For Immediate Release
April 4, 2005

Colorado – DOR Tries Again to Revise Software Taxation Rules

Colorado – DOR Tries Again to Revise Software Taxation Rules

Colorado – DOR Tries Again to Revise Software Taxation Rules

Three years after a failed attempt to change the rules on software taxation, the Department of Revenue is trying again, but with a little help this time.

Colorado currently taxes canned software, but exempts custom and modified canned programs because they are considered to be intangible property, a position that is widely considered outdated. Current regulations do not address alternative service providers, electronic software delivery, or load-and-leave software delivery. Colorado auditors often narrowly interpret the rules to mean that only software written for a specific purchaser is exempt custom software, despite language in the regulations contradicting that position.

In 2002, the Department tried to restrict exempt status to only customized software sold through an exclusive license. Had the regulation passed, all software would be taxable, except for software that was developed specifically for a particular customer who purchased it through an exclusive use license. The DOR also tried to tax software maintenance agreements unless they separated the cost of upgrades from the cost of support services.

This go-round, the DOR is soliciting comments from taxpayers. It is asking for feedback on several issues. Some of the questions posed are:

  1. Is there a distinction between “canned” and custom software?

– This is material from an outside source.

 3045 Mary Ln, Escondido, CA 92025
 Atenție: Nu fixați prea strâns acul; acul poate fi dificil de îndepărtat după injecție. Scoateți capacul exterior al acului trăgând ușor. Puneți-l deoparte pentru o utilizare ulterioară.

What are the criteria to determine whether software is canned or custom?
  2. If there is a distinction, does it matter who customizes the software? If a third party performs customization, does it matter whether the purchaser or seller contracts with the third party?
  3. When would software provided by an applications service provider be taxable? Is downloaded software taxable tangible personal property?
  4. Under what circumstances should software maintenance contracts be subject to sales and use tax?

Another issue to be addressed is whether or not software should be considered intangible, and therefore not subject to tax unless certain conditions are met, a position taken by some independent industry associations.

The Department will consider all input before issuing a draft regulation. Their goal is to come up with a bright-line test that will, at a minimum, be more taxpayer friendly than previous attempts to rewrite the rules.